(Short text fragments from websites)
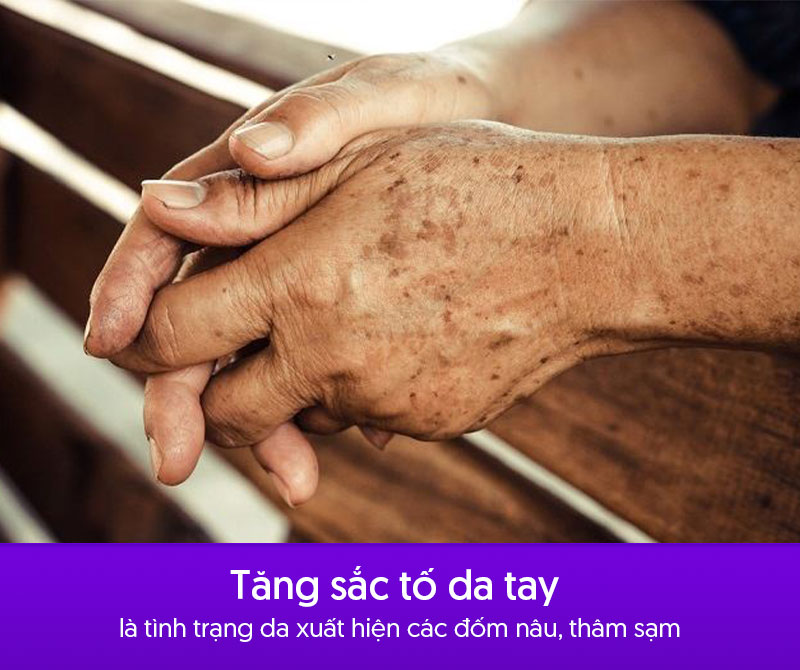 Bị nám ở tay là tình trạng gì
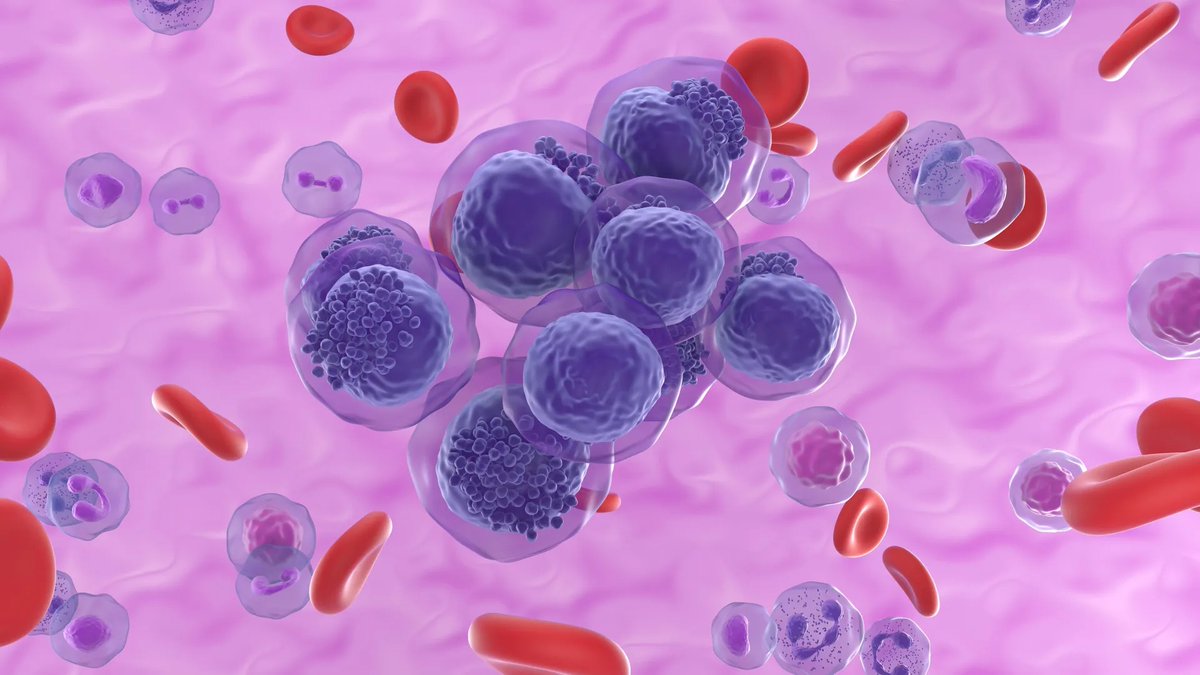 Albert Einstein College of Medicine - Official (@einsteinmed) on Twitter photo Einstein Research led by <a href="/mkonople/">Marina Konopleva</a>: Possible New Treatment for Form of Acute Myeloid #Leukemia
Learn more at bit.ly/4n1a1eV. Einstein Research led by <a href="/mkonople/">Marina Konopleva</a>: Possible New Treatment for Form of Acute Myeloid #Leukemia
Learn more at bit.ly/4n1a1eV.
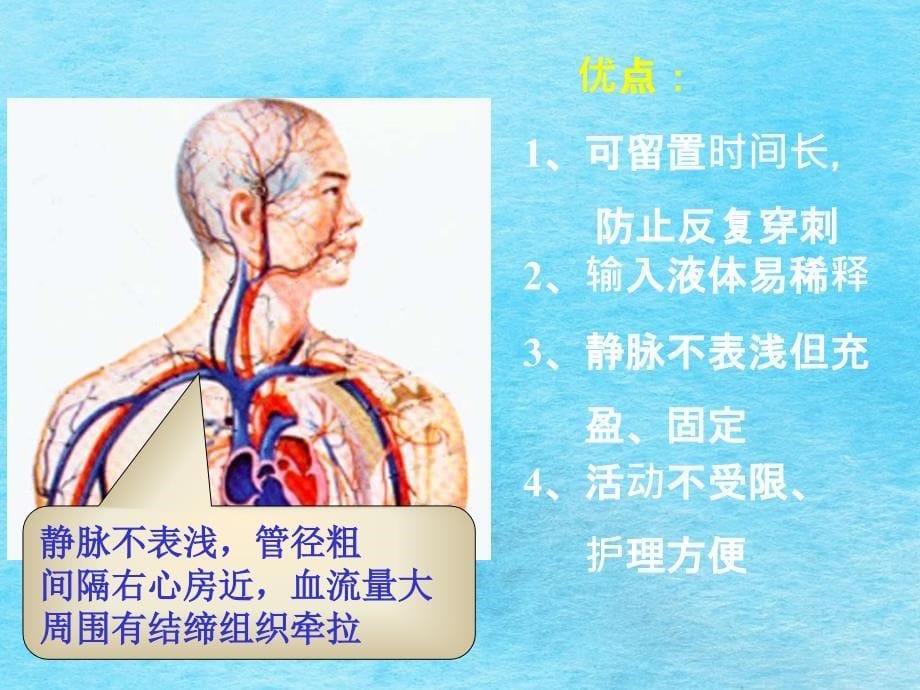 静脉输液2ppt课件_第5页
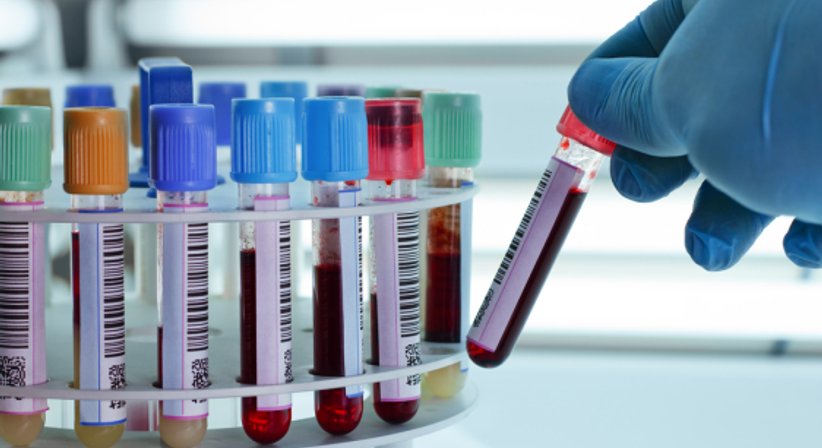 Blutschnelltest - Dr. Helene Gründorfer - Kinderärztin Wien 1190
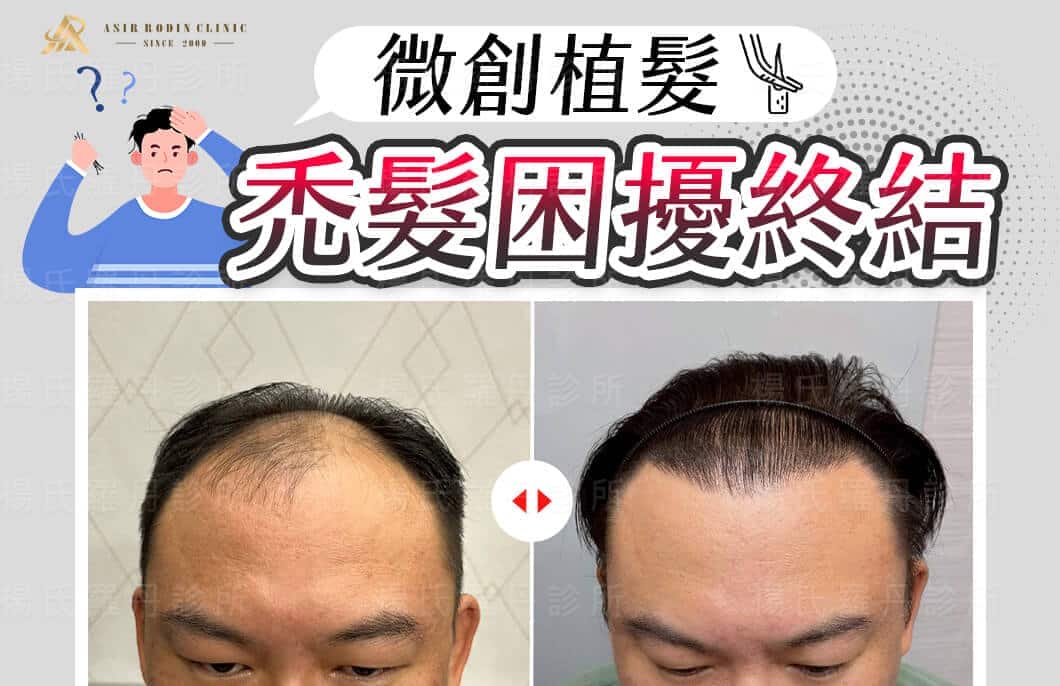 【植髮】禿髮困擾終結！微創植髮帶來自然髮際線展年輕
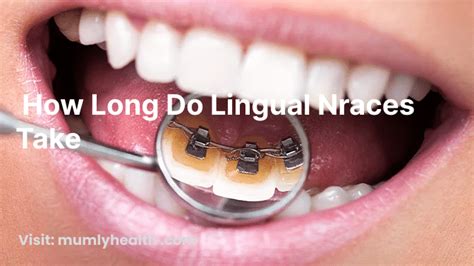 Lingual Braces How Long
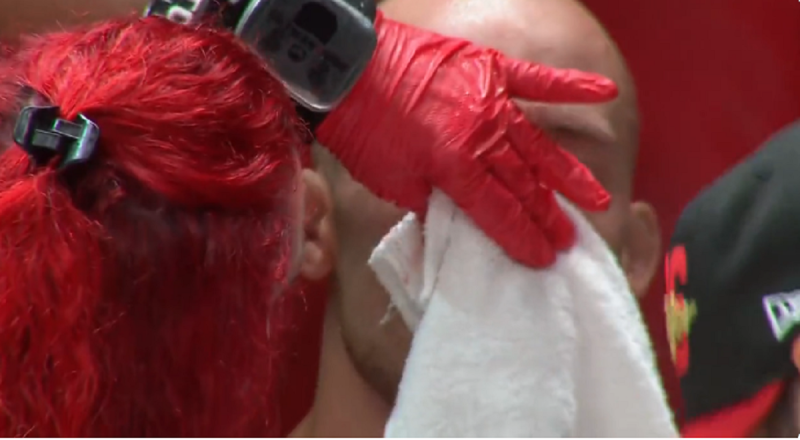 MMA Fighter Tries To Fight With Nasty-Looking Crooked/Broken Nose After Taking Knee To The Face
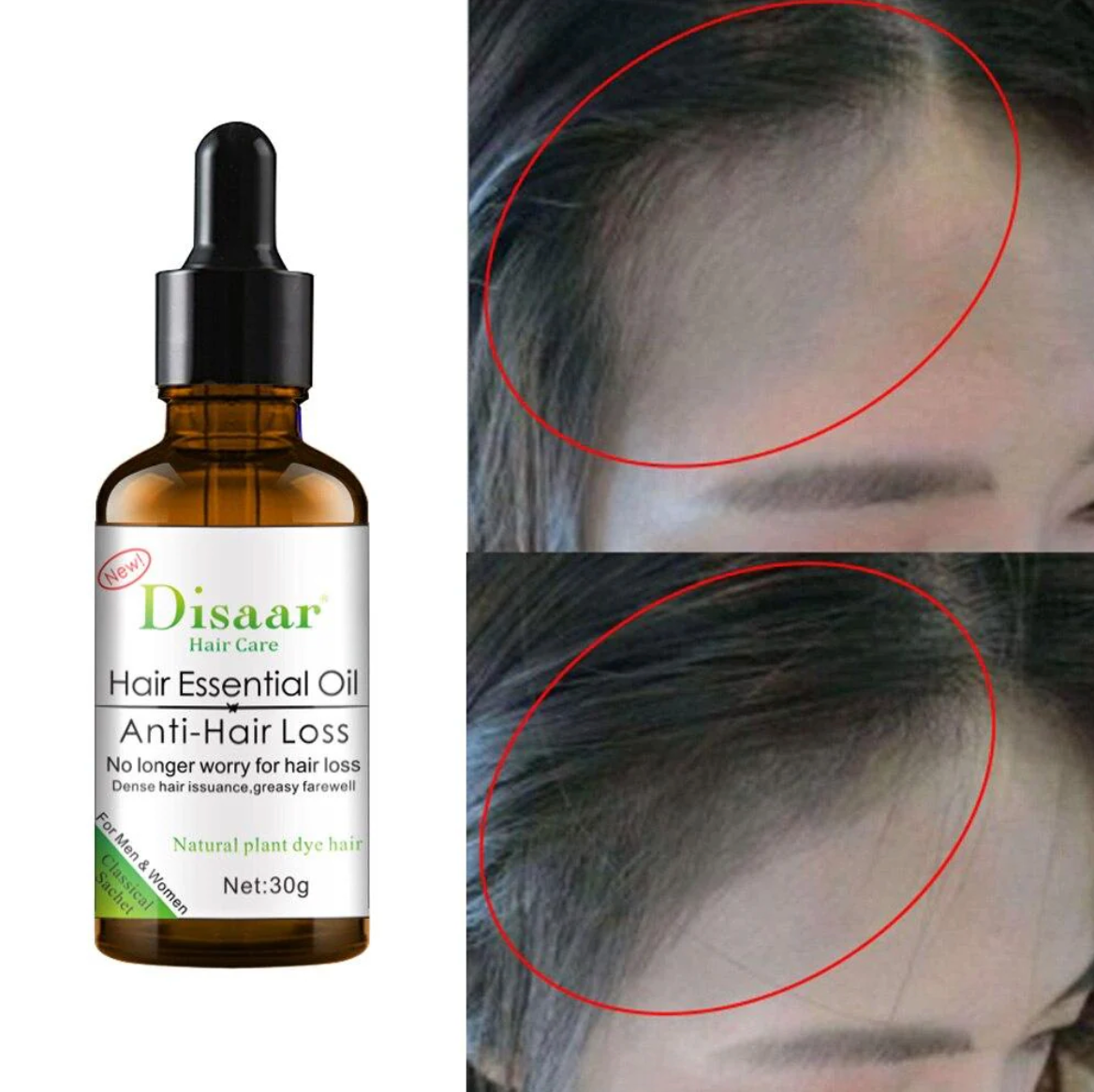 Aceite Profesional Capilar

PROBLEM TO WORK ON: Could you restate every record above word for word, dropping the pictures?

ANSWER TO THE PROBLEM:
 Bị nám ở tay là tình trạng gì
 Albert Einstein College of Medicine - Official (@einsteinmed) on Twitter photo Einstein Research led by <a href="/mkonople/">Marina Konopleva</a>: Possible New Treatment for Form of Acute Myeloid #Leukemia
Learn more at bit.ly/4n1a1eV. Einstein Research led by <a href="/mkonople/">Marina Konopleva</a>: Possible New Treatment for Form of Acute Myeloid #Leukemia
Learn more at bit.ly/4n1a1eV.
 静脉输液2ppt课件_第5页
 Blutschnelltest - Dr. Helene Gründorfer - Kinderärztin Wien 1190
 【植髮】禿髮困擾終結！微創植髮帶來自然髮際線展年輕
 Lingual Braces How Long
 MMA Fighter Tries To Fight With Nasty-Looking Crooked/Broken Nose After Taking Knee To The Face
 Aceite Profesional Capilar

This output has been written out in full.